- **Recorded information**:
********************
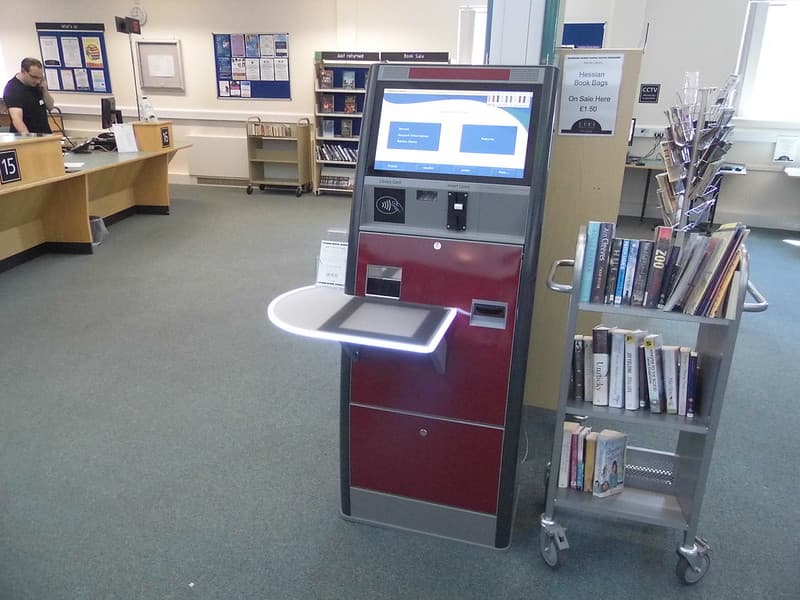 Kenton Library interior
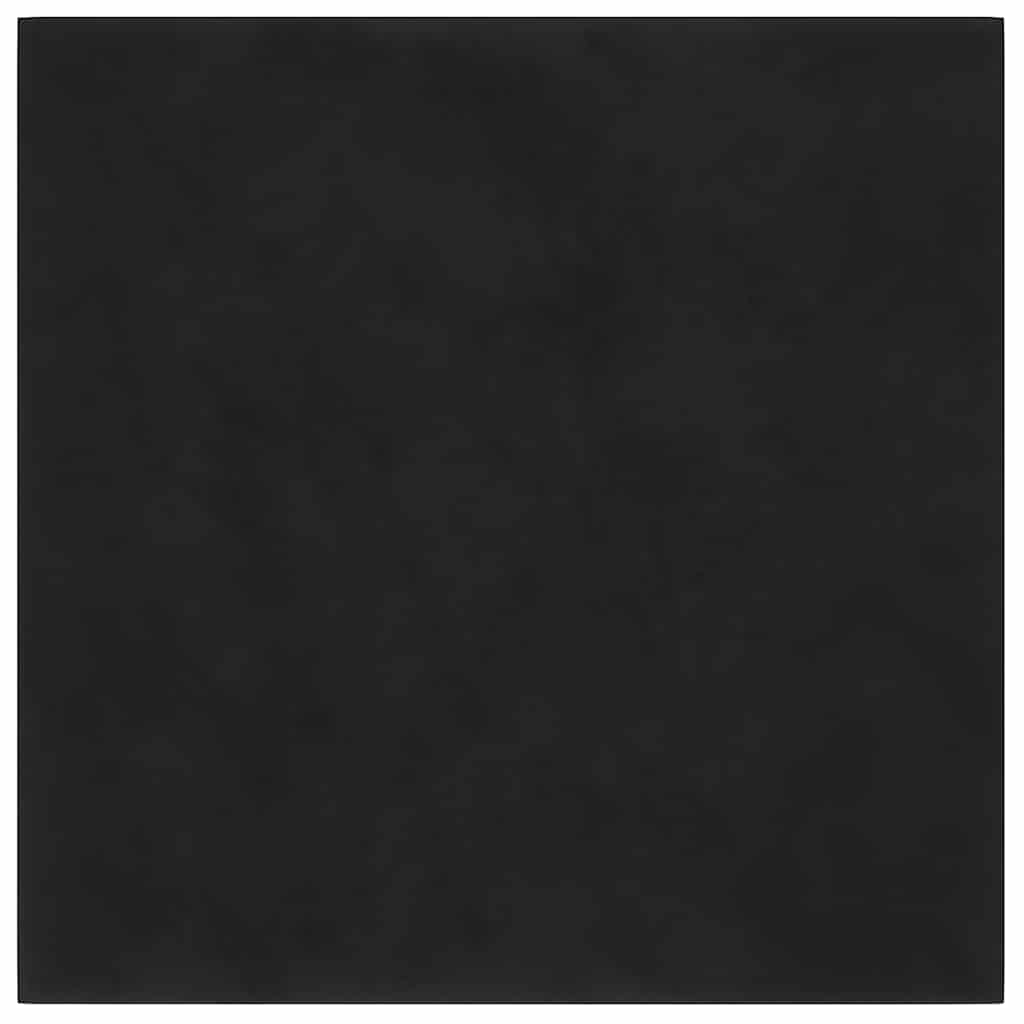 Wandpaneele 12 Stk. Schwarz 30x30 cm Samt 1,08 m²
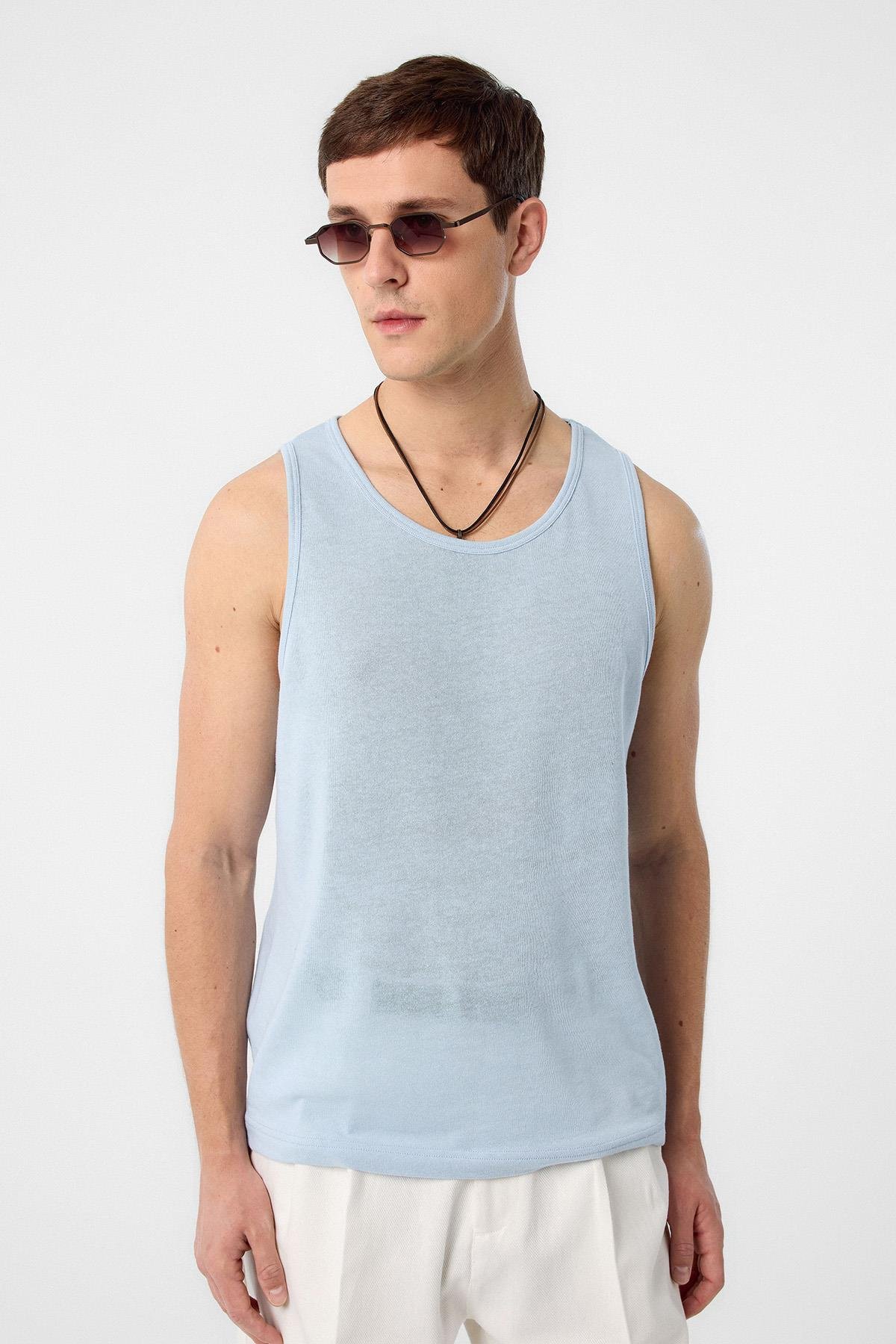 Antioch Bebe Mavi Basic Erkek Atlet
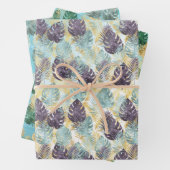 Tropical Lila Green Gold Blätter (Beispiel)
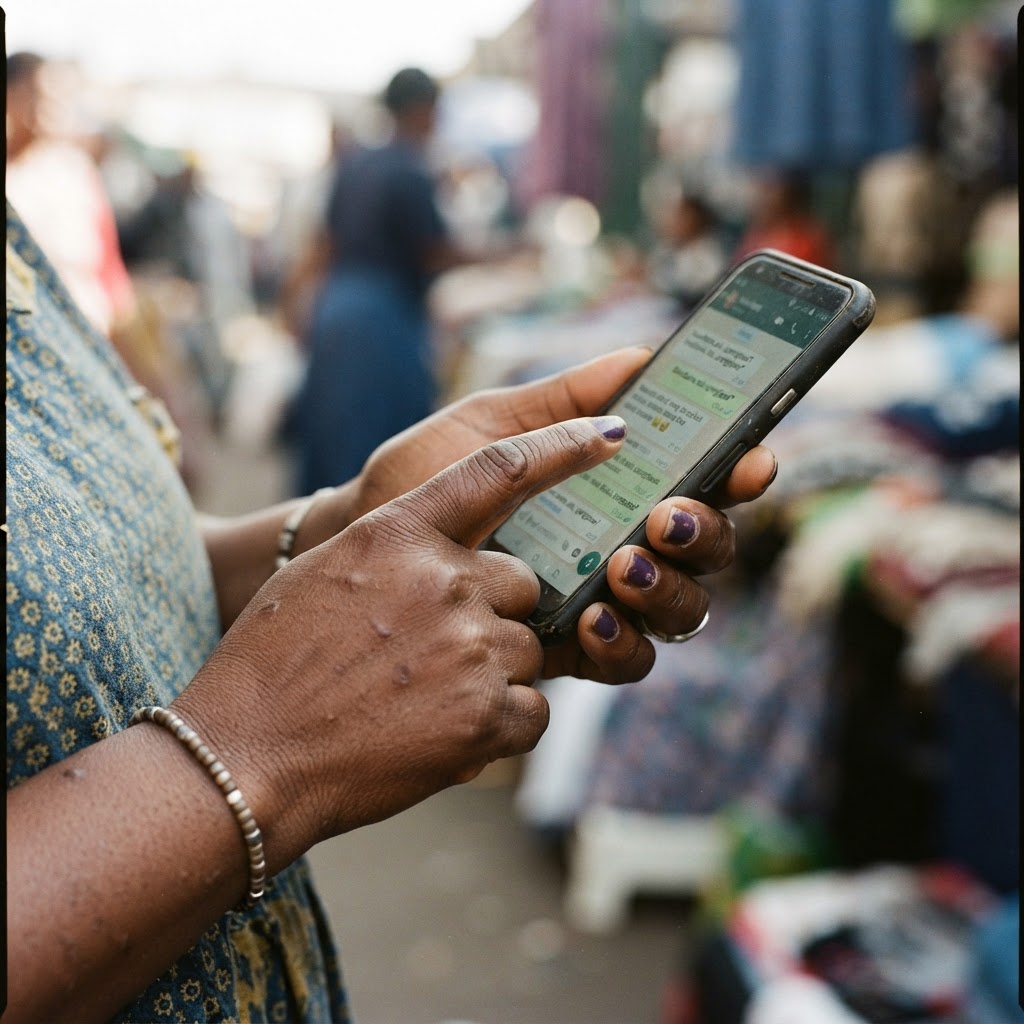 A member holding a smartphone showing the Pride Rewards app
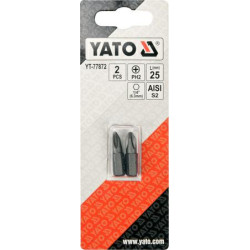 YT-77872 YATO END 1/4 "x25mm PH2 /2vnt.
********************
- **What needs to be done**:
With images left out, the data must be transcribed exactly.

- **Answer space**:
 Kenton Library interior
 Wandpaneele 12 Stk. Schwarz 30x30 cm Samt 1,08 m²
 Antioch Bebe Mavi Basic Erkek Atlet
 Tropical Lila Green Gold Blätter (Beispiel)
 A member holding a smartphone showing the Pride Rewards app
 YT-77872 YATO END 1/4 "x25mm PH2 /2vnt.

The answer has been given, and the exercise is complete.